0: vref  ++ 7 rename ufs_rename/relookup/vref ufs_rename+0x28c
0: vput  -- 6 rename ufs_rename/ufs_remove/vput ufs_rename+0x2d8

However thread 1 ends up at the bad: label at the end of relookup()
(called from stage 3 of ufs_rename). Here it seems that the bug is. It
calls vput(dp); (right after the bad: label in relookup), which drops
usecount on the vnode. This is the extra decrement on the use-count,
since ufs_rename has already dropped its reference before calling
relookup.

So here's where I'm confused: ufs_rename, fairly early in the code,
calls vrele(fdvp), thus dropping its reference to the
from-vnode's-parent's usecount. Then at "3) Unlink the source." it calls
relookup() to regain access to the from-vnode. And relookup() proceeds
to call vput() on the from-vnode's-parent in the bad: case, even though
the parent doesn't have a reference anymore.

So does relookup() expect you to have a hold on the vnode-parent's
usecount?
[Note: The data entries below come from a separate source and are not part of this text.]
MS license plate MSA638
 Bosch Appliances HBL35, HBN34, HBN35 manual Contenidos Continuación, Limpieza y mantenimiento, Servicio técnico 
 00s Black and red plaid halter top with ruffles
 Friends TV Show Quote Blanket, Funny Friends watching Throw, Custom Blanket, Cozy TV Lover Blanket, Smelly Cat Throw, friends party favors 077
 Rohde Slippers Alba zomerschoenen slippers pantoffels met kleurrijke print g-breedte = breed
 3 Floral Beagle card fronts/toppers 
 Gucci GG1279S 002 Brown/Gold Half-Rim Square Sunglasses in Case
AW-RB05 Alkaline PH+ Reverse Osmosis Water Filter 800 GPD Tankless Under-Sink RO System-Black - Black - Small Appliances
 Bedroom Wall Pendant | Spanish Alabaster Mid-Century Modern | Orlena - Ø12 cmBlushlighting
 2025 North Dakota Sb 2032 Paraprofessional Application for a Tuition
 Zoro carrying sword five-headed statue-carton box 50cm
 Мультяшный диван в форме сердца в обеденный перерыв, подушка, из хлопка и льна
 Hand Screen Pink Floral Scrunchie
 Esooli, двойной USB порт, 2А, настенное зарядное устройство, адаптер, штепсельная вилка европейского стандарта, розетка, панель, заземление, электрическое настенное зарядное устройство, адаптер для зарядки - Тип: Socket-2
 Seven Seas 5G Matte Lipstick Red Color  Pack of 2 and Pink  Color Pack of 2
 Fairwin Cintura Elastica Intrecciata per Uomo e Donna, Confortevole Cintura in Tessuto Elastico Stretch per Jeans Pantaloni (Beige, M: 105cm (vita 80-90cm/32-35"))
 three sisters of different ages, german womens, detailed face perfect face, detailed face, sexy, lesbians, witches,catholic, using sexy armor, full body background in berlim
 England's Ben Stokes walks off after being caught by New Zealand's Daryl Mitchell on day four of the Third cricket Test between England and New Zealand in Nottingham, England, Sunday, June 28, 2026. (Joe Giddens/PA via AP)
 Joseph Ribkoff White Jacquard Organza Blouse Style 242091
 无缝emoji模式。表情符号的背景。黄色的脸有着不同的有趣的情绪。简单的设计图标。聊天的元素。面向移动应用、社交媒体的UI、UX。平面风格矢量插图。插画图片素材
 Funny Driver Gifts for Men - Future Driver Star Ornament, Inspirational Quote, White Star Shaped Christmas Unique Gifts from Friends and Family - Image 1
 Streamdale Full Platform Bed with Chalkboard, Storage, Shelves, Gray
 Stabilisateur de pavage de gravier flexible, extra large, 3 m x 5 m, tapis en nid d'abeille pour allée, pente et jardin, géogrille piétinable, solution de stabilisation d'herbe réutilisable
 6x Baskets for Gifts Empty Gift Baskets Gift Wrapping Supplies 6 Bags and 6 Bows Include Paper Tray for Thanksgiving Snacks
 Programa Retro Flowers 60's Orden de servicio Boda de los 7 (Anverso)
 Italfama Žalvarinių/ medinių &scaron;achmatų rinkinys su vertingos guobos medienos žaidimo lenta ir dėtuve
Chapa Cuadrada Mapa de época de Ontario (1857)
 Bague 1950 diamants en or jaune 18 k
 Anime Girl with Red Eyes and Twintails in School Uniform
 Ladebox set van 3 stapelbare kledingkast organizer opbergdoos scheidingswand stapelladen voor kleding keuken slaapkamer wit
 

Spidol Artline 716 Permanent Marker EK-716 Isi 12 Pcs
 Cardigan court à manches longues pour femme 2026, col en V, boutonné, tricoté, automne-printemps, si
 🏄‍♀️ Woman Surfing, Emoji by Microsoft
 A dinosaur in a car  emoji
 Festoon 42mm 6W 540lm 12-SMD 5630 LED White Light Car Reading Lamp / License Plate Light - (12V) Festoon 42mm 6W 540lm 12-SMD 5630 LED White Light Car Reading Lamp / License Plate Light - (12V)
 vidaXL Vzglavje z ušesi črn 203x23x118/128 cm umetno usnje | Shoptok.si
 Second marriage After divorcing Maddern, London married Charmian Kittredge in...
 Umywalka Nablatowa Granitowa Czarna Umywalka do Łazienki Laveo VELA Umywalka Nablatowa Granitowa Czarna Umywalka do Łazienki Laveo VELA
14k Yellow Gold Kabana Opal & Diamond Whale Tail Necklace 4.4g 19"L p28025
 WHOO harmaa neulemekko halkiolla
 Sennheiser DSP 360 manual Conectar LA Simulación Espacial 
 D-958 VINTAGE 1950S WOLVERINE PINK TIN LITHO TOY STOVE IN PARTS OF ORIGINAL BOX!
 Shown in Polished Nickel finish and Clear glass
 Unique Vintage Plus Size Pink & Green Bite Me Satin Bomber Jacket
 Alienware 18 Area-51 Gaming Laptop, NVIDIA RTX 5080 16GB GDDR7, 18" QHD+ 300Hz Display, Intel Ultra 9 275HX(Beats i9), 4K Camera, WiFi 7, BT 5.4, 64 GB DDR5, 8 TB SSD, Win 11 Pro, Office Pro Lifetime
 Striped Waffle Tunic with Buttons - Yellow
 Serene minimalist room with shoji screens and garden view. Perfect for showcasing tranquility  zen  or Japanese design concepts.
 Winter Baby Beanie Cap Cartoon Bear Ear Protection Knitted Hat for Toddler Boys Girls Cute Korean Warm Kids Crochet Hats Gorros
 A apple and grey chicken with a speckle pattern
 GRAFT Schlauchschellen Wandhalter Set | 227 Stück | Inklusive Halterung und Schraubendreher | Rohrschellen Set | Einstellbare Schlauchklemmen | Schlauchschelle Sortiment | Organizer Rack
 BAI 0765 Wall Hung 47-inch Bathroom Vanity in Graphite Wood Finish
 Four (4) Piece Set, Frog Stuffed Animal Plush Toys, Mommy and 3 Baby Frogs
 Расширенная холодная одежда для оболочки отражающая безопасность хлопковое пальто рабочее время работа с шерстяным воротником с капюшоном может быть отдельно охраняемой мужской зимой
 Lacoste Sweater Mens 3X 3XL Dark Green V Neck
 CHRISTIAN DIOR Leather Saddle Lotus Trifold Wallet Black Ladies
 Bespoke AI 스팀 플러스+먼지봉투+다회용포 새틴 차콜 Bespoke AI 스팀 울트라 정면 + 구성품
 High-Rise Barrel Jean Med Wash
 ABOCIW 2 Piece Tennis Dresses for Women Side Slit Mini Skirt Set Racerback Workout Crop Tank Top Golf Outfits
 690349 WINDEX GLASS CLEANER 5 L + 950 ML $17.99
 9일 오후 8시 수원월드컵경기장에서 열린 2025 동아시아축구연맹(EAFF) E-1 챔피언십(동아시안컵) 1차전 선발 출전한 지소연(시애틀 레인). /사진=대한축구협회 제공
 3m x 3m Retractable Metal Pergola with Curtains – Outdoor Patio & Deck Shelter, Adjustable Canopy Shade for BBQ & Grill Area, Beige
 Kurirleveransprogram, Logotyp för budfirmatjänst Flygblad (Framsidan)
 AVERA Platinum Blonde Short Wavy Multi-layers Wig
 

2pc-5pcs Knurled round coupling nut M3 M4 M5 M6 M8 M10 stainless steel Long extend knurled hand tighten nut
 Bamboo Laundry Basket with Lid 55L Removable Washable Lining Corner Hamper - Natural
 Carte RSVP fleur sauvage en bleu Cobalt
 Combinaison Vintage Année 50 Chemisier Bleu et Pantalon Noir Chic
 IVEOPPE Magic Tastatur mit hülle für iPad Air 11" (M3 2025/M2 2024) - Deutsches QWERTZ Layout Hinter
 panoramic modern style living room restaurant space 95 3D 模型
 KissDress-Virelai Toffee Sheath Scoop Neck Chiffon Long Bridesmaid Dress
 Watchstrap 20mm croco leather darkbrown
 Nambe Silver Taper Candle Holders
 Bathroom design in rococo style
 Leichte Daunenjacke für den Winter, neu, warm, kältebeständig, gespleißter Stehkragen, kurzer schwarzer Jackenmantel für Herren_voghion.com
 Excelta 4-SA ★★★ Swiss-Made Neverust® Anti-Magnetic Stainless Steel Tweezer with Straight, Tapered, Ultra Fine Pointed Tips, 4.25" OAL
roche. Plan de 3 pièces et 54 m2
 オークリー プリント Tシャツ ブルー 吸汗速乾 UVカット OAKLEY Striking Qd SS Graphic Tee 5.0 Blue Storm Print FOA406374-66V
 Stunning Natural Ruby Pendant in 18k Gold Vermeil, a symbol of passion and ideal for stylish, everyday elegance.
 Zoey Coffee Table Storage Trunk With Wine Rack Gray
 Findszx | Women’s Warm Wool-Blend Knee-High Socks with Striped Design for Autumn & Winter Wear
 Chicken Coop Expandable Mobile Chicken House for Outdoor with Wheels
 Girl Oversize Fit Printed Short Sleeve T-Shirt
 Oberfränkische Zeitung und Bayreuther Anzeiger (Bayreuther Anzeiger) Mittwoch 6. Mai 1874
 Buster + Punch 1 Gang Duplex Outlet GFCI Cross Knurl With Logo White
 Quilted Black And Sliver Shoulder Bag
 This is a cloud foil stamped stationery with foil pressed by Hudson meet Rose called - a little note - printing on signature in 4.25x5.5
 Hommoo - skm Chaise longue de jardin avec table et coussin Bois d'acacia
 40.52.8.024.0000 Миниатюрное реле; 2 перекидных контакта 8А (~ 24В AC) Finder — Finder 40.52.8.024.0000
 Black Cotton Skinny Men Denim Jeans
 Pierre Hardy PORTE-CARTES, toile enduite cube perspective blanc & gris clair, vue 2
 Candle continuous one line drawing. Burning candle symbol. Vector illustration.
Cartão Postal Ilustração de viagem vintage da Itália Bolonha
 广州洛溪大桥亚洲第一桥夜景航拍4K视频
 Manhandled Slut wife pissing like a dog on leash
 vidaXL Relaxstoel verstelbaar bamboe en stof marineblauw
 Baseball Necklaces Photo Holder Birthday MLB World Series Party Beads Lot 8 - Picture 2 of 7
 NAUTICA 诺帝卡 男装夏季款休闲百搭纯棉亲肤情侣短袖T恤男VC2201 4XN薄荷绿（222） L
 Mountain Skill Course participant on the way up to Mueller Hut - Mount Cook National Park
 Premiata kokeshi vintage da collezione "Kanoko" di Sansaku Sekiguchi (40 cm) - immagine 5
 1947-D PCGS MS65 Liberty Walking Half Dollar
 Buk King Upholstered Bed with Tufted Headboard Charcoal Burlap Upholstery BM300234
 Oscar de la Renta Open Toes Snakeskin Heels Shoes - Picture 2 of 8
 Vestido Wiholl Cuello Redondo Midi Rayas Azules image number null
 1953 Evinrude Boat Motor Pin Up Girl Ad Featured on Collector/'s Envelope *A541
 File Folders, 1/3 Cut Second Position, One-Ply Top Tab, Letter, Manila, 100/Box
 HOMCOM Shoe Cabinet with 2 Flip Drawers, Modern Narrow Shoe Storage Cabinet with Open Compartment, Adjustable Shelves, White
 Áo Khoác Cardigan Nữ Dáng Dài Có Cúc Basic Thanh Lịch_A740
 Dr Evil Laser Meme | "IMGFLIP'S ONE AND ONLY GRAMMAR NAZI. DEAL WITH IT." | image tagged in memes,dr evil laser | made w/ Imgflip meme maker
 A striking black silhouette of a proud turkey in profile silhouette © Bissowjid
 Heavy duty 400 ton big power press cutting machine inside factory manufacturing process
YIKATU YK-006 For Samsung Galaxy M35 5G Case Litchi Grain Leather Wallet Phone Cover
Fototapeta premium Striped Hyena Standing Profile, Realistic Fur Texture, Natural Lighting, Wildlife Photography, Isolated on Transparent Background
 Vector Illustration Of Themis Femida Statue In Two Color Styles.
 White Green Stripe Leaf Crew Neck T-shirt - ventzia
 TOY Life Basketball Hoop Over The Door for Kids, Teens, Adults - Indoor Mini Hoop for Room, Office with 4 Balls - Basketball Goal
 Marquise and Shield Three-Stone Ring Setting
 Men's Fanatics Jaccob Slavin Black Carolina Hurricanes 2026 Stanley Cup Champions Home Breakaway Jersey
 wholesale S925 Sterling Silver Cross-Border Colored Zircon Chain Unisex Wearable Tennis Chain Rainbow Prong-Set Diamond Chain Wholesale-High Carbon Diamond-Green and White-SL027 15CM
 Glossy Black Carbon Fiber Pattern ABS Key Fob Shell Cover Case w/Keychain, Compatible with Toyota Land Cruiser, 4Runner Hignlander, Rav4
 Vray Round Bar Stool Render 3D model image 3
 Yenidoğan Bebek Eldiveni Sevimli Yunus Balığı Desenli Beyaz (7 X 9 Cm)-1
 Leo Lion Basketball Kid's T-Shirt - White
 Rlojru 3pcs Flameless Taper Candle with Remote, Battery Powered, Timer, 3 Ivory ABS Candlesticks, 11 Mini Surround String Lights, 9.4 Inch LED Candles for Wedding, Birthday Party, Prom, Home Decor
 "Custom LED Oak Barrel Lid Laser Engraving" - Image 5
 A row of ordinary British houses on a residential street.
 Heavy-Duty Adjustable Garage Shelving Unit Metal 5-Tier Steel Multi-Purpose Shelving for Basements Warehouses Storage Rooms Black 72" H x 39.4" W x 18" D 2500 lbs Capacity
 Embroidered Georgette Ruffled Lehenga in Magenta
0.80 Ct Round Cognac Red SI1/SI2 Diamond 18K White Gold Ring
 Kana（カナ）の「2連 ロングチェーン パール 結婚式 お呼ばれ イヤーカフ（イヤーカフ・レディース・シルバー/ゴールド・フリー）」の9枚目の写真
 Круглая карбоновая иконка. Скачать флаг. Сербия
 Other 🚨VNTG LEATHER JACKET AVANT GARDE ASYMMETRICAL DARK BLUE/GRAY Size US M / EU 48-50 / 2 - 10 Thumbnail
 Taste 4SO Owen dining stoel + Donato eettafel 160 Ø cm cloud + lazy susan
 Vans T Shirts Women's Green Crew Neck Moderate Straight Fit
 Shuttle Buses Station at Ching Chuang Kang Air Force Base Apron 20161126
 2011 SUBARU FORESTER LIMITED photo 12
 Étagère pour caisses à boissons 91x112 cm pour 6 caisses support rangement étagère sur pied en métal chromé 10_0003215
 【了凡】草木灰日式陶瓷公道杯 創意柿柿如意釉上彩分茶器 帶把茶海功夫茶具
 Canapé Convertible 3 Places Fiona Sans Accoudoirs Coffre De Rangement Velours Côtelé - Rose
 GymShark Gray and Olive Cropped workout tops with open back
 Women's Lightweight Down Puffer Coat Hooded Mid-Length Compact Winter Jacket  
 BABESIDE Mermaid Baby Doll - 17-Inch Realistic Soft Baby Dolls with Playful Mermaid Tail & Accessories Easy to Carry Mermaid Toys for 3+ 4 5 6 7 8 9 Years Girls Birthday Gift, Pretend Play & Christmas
If so, then ufs_rename() has the bug. If not, then relookup()
is bad. I'm looking at relookup(), and I honestly can't figure out what
it expects. If VOP_LOOKUP returns an error, then it doesn't change the
usecount (ignoring SAVESTART). If VOP_LOOKUP returns success, and we
don't return an error, then we decrement the usecount unless
"wantparent" is specified. And in the case where we return an error at
bad: we always decrement the usecount, no matter what.

OK, this is certainly long enough now! 8)  I certainly hope this is
enough information to get this bug fixed quickly by someone who is
familiar with the relevant code. If you've got any questions about my
ramblings here, just ask.

	-- Ethan